** Opening EXERCISE DATA block **

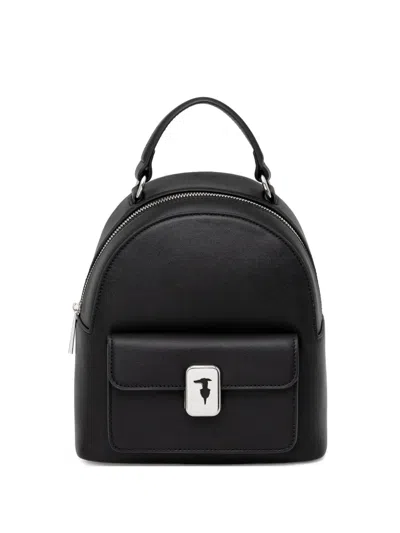 Trussardi Flap-pocket Backpack In Black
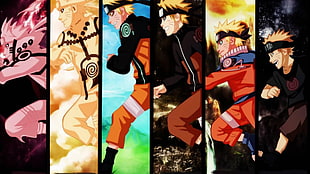 Naruto growing up poster, anime, Naruto Shippuuden HD wallpaper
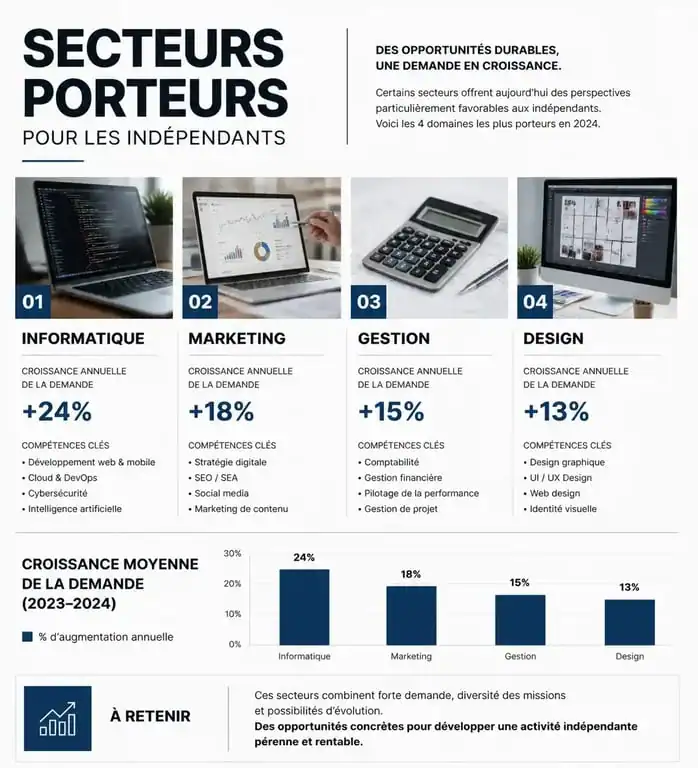 Secteurs porteurs pour l'emploi pour indépendant : Tech, Marketing, Gestion et Design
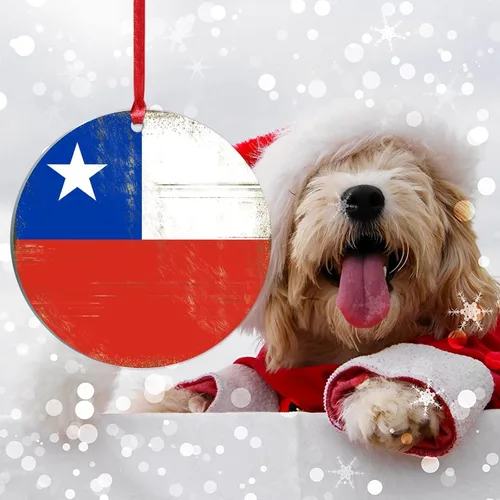 Vista 7 de Silueta de la bandera de Chile, adornos de árbol de Navidad, bandera nacional, recuerdo de país, decoraciones de Navidad, regalo de Chile, adorno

** Closing EXERCISE DATA block **

Would you set down the listing exactly, omitting pictures?

 Trussardi Flap-pocket Backpack In Black
 Naruto growing up poster, anime, Naruto Shippuuden HD wallpaper
 Secteurs porteurs pour l'emploi pour indépendant : Tech, Marketing, Gestion et Design
 Vista 7 de Silueta de la bandera de Chile, adornos de árbol de Navidad, bandera nacional, recuerdo de país, decoraciones de Navidad, regalo de Chile, adorno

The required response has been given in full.